次は自分でそれを試して読んでみましょう。読解する力が少しずつついていき、上達すると文章を図式化して解読できるようになっていきます。そのような読み方とことばの力をブレンドして読む練習をすることでスピーディに読み取っていくことができてきます。文章を1日1回は声に出して読んでみるといいですね。少し時間はかかりますが速く読む練習を地道にやってみると、1ヶ月ぐらいで上達を実感してきます。

作文については、物事に対していつも考えることを習慣化してください。教科書のなかの題材を読んでどう思うか、新聞やテレビやインターネットなどでニュースを見たときにどう思ったかなど、頭の中でことばを使って考えるだけでも大丈夫です。友だちや家族にどう思ったか聞いてみたり、思いを語り合ったりするのもいいでしょう。すると作文するときに素早く考えをまとめることができるようになっていきます。

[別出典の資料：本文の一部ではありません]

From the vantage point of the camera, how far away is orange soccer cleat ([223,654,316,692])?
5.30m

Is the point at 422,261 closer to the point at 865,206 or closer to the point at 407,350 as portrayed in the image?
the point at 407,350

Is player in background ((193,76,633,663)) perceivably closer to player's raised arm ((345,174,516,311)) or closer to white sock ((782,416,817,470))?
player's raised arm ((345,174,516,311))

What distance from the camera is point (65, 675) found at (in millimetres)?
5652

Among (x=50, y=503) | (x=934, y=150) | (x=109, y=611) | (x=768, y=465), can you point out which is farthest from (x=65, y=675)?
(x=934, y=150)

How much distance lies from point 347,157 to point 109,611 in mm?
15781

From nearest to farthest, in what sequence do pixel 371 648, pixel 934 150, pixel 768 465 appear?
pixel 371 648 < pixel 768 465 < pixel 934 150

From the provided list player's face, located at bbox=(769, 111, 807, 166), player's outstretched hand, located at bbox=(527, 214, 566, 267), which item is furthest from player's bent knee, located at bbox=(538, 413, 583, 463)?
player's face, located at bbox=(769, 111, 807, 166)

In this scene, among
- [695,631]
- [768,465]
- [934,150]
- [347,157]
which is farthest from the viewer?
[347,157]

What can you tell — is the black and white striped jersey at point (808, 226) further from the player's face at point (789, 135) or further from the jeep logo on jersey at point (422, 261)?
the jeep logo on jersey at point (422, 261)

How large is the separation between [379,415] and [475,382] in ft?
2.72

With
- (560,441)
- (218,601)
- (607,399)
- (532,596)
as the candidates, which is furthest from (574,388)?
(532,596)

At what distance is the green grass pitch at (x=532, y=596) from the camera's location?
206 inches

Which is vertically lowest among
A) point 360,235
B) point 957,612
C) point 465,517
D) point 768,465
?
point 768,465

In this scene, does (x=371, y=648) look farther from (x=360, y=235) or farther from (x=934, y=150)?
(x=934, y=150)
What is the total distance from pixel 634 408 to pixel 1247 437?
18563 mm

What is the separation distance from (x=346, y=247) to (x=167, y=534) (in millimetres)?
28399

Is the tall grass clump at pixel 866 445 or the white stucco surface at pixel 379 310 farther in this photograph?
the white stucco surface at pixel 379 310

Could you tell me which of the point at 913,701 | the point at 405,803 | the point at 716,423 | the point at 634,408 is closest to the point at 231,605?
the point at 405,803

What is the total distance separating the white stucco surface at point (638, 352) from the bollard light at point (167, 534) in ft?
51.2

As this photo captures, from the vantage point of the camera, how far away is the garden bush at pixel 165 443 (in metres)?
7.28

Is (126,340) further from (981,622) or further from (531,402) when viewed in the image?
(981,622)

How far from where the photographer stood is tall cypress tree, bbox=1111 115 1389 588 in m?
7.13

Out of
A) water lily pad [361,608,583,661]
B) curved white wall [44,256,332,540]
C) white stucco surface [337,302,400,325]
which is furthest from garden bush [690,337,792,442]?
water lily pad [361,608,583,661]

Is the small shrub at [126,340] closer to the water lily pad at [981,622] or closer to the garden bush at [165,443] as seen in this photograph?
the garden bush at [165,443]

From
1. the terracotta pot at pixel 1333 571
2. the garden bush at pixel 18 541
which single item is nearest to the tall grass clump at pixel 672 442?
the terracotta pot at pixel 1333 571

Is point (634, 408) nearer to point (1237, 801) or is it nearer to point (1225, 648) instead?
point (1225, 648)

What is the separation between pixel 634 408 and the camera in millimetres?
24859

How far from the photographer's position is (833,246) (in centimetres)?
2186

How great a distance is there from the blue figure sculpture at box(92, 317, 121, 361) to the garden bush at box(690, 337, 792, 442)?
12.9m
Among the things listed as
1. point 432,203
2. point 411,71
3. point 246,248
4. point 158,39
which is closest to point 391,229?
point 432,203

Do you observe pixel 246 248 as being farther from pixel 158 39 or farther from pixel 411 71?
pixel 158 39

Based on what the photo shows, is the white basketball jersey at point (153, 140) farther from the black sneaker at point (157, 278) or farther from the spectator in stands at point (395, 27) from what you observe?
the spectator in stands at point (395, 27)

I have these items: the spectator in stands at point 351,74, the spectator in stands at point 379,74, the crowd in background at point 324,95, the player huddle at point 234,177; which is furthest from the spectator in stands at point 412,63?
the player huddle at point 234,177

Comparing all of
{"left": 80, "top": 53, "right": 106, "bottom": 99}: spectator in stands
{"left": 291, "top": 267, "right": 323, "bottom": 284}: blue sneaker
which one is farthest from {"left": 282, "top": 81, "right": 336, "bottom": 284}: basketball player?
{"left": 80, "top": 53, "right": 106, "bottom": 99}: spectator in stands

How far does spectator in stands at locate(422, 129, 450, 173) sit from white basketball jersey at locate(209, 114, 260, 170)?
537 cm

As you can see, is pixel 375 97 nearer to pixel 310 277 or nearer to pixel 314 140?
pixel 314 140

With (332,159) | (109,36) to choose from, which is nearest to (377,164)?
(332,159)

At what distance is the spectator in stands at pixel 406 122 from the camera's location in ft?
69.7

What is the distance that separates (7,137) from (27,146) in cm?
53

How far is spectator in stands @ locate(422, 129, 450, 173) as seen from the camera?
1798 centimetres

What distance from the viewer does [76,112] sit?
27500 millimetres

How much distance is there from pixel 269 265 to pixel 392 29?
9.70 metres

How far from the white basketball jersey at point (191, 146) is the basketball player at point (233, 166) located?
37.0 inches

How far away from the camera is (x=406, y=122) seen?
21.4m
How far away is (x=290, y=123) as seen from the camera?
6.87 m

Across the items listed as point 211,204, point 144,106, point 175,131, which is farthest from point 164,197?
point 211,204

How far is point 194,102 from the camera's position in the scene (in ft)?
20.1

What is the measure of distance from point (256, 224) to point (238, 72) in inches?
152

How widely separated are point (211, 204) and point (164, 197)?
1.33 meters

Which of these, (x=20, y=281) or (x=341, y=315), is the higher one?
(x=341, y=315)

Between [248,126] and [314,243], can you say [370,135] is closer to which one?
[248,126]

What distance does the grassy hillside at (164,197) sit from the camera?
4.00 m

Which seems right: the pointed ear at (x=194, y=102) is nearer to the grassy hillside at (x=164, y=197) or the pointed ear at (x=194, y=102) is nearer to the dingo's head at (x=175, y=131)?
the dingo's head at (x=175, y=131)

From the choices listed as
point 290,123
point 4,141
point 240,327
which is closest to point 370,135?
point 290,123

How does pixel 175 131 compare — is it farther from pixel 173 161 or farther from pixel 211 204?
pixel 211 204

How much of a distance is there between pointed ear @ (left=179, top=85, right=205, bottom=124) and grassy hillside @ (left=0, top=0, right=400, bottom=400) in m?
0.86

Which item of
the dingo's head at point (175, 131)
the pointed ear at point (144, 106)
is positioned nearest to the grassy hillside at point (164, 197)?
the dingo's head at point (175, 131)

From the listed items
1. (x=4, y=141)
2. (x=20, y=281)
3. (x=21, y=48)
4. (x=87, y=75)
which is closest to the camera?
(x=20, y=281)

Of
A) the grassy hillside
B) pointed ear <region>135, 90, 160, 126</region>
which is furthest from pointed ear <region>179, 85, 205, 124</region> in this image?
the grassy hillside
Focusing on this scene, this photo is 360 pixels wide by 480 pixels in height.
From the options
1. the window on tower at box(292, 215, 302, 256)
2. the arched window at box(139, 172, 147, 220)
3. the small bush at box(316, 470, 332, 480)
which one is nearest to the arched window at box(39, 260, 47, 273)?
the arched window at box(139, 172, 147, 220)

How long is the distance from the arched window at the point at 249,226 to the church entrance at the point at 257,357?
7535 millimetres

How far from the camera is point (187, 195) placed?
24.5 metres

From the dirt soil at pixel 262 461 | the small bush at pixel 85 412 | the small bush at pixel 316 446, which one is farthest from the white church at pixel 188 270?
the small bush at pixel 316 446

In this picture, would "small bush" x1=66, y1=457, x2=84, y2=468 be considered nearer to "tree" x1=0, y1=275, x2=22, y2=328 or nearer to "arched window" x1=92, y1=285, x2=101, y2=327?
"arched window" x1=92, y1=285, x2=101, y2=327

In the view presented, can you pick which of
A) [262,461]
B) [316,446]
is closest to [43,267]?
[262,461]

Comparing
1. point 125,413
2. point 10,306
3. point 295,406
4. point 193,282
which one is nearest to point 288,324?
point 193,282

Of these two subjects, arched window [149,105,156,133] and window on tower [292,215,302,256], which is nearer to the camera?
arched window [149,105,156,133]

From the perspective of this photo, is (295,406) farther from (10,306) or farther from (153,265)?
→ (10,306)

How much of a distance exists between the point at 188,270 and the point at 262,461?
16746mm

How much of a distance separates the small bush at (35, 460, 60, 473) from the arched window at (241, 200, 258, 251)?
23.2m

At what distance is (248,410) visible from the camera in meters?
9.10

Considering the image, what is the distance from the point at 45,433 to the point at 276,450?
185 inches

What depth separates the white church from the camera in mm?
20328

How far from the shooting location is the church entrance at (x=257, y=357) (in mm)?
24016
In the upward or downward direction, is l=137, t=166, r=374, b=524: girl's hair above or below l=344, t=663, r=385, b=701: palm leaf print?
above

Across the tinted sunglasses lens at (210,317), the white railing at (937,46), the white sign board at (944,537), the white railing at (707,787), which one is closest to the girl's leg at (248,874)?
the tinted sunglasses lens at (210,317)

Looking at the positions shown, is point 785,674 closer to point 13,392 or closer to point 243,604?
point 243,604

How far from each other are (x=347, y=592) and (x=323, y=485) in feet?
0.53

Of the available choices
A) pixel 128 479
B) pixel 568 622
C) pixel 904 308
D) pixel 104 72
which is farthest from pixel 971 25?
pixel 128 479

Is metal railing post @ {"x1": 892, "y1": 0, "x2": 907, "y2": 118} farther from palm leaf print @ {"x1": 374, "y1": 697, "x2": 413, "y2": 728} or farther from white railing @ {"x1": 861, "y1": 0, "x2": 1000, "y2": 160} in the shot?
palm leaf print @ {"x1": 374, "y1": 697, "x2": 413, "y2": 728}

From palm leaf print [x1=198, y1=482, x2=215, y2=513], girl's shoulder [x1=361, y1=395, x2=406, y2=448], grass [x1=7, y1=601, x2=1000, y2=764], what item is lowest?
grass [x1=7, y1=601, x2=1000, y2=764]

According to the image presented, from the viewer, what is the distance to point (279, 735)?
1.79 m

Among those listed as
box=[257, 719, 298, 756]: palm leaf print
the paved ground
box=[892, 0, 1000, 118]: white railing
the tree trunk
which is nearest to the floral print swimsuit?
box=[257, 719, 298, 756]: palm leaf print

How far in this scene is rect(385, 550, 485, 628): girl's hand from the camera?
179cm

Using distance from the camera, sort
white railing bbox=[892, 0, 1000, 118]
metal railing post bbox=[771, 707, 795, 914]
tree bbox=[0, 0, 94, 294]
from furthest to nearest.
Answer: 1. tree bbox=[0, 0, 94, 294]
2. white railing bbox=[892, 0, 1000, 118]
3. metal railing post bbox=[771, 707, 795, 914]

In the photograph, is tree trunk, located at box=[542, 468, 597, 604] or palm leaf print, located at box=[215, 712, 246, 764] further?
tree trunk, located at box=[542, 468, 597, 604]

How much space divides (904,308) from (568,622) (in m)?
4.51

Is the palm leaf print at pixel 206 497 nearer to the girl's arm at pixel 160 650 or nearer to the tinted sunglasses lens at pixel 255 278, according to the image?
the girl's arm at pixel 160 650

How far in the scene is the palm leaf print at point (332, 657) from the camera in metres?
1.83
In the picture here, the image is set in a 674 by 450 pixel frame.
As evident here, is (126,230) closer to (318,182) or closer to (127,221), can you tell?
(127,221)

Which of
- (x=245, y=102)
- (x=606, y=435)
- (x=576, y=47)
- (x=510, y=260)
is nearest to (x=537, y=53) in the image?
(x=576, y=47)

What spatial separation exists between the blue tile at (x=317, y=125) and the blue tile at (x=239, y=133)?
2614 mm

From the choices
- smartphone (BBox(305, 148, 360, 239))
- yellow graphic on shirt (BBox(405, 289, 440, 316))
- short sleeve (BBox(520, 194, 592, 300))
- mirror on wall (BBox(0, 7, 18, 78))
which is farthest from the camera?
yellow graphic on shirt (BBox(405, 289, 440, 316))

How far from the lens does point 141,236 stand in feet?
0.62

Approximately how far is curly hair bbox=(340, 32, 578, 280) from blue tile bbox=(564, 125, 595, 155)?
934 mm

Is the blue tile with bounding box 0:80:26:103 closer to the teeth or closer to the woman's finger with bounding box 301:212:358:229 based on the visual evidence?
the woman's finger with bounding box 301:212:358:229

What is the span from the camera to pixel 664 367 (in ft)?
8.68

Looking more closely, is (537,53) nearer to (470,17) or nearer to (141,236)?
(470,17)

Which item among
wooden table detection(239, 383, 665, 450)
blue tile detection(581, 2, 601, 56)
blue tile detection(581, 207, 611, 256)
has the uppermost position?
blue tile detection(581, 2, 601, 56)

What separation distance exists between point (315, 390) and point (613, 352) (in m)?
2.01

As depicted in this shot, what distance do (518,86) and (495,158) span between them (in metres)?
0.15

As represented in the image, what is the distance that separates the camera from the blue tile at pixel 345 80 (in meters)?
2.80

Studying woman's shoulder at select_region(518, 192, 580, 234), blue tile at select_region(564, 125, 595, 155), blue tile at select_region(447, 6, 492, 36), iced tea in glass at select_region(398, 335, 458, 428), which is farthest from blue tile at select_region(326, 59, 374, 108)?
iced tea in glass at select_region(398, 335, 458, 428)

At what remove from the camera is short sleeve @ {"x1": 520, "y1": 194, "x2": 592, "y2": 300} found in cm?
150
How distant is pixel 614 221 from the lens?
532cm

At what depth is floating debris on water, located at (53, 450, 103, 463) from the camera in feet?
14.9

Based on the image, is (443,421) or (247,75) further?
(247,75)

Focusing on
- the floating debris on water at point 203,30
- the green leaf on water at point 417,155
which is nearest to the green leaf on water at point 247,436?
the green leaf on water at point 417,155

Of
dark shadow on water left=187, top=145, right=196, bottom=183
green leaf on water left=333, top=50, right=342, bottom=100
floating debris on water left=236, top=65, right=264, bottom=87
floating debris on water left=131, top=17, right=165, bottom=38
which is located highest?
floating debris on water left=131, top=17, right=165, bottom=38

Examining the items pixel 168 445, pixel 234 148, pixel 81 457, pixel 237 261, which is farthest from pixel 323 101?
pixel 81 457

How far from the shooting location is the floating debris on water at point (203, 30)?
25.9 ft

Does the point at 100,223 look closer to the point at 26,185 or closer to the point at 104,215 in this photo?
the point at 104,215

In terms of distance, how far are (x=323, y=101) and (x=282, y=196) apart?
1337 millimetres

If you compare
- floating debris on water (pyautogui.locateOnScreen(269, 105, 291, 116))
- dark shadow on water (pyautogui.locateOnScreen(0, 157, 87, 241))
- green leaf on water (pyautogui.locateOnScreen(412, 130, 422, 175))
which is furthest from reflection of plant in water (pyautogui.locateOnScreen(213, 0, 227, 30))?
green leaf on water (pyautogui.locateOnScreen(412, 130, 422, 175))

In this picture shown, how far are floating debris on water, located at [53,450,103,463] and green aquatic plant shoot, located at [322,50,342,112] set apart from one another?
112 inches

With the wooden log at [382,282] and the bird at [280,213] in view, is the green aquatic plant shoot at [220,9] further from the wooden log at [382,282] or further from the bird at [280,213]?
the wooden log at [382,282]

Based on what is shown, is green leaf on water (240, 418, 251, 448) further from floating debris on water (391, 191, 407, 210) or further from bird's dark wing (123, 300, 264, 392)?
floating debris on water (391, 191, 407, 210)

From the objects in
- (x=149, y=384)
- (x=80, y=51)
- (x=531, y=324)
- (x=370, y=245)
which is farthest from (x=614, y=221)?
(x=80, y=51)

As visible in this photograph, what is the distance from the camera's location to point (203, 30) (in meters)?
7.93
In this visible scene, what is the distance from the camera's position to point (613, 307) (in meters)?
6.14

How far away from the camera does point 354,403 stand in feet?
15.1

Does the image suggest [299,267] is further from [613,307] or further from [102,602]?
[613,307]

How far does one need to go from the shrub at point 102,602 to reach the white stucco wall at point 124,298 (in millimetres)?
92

実際に作文の練習をするときに一番注意してほしいことのTOPは、一文が長くて係り受けがねじれていないかということです。中学生によくみられるのは、一文が3~4行になること。主語や述語がはなれすぎてねじれたり、修飾語とそれを受ける語句の間に他のフレーズを入れて文意がぼやけたりしてしまいますから、できるだけ文は短く切りましょう。そして接続語や指示語でつないでいくとすっきりとした表現になります。

 あと1年なのに読解力をつけるのってまだ間に合う?と思っている人!まだ間に合います。焦らなくて大丈夫です。日ごろの練習でじわじわと力がついていき、コツをつかんだら後は速いですよ。

 福岡県の入試問題では、文章読解のほか、漢字の読み書き・筆順・総画数・行書の特徴・類義語や対義語・熟語構成・四字熟語・文法などあらゆる角度から知識が問われます。過去に出された項目がくり返し出てくることがありますので、入試前の仕上げとして10年分の過去問題を解いてください。日ごろの基本練習と問題を解くときのテクニックの両方で、入試問題に自信を持って対応できるようにがんばってください!